Click me for considerations about the `-V` parameter

The -V 'chm13,grch38' parameter specifies to call variants from the assemblies using two different genomes as reference. This will generate two VCF files: in one the variants will be expressed relative to CHM13, in the other the variants will be expressed relative to GRCh38.

Use odgi stats to obtain the graph length, and the number of nodes, edges, and paths. Do you think the resulting pangenome graph represents the input sequences well? Check the length and the number of the input sequences to answer this question.

Click me for the answer

chr20 is approximately 64-66 Mbp long in reference genomes. There is no right graph length because it always depends on how much genetic variability we want to represent in the graph. Lower -s and -p values will tend to represent more homologies, leading to shorter, but more complex, graphs.

Take a look at the PNG files in the pggb.chr20 folder. Is the layout of the graph roughly linear? Please note that when pangenome graphs are linear, the *.draw multiqc.png files may be difficult to view with the default image viewer. In these cases, you can view them with alternative software such as GIMP.

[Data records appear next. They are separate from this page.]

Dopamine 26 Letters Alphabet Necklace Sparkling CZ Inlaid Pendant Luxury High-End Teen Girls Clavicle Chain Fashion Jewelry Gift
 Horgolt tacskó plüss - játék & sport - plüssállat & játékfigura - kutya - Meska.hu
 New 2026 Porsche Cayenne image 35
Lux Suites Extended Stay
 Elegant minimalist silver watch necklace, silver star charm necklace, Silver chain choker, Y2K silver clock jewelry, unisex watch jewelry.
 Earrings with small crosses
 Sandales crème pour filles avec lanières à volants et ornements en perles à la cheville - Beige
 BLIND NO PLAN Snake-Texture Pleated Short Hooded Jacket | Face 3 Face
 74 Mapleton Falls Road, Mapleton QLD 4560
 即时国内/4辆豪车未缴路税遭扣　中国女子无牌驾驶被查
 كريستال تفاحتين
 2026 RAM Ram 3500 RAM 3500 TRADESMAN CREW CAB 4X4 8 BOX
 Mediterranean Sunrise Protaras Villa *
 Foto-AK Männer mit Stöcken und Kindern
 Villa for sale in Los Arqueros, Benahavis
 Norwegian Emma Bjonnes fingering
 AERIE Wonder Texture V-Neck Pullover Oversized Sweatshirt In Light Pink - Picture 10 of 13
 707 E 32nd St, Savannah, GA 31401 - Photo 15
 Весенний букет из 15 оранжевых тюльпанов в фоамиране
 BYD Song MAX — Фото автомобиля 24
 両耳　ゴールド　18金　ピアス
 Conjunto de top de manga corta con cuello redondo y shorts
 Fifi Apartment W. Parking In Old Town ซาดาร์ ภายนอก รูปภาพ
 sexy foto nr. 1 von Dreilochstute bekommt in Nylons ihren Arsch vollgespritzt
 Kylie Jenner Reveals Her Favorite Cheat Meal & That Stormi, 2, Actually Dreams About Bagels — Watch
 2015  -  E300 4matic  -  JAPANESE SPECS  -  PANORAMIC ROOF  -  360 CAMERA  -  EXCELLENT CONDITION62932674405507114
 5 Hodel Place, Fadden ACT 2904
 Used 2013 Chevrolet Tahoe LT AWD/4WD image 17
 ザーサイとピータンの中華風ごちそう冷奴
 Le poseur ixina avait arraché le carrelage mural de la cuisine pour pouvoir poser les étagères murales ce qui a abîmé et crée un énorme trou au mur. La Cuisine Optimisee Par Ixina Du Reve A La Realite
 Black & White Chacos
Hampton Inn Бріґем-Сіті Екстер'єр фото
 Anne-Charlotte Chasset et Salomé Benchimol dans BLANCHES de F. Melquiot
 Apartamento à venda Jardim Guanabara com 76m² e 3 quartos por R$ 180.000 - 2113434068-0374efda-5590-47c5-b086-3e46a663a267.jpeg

Generate another odgi viz visualization with

cd $DIR_BASE/graphs/pggb.chr20
odgi paths -i chr20.fa.gz.a8a102b.c2fac19.afc7f52.smooth.final.og -L | cut -f 1,2 -d '#' | uniq > prefixes.txt
odgi viz -i chr20.fa.gz.a8a102b.c2fac19.afc7f52.smooth.final.og -o chr20.fa.gz.a8a102b.c2fac19.afc7f52.smooth.final.og.viz_multiqc.2.png -x 1500 -y 500 -a 10 -M prefixes.txt

What do you think is different between the chr20.fa.gz.a8a102b.c2fac19.afc7f52.smooth.final.og.viz_multiqc.png image and the newly generated image (chr20.fa.gz.a8a102b.c2fac19.afc7f52.smooth.final.og.viz_multiqc.2.png)?

Click me for the answer

Contigs belonging to the same haplotype are visually collapsed into one colored bar each.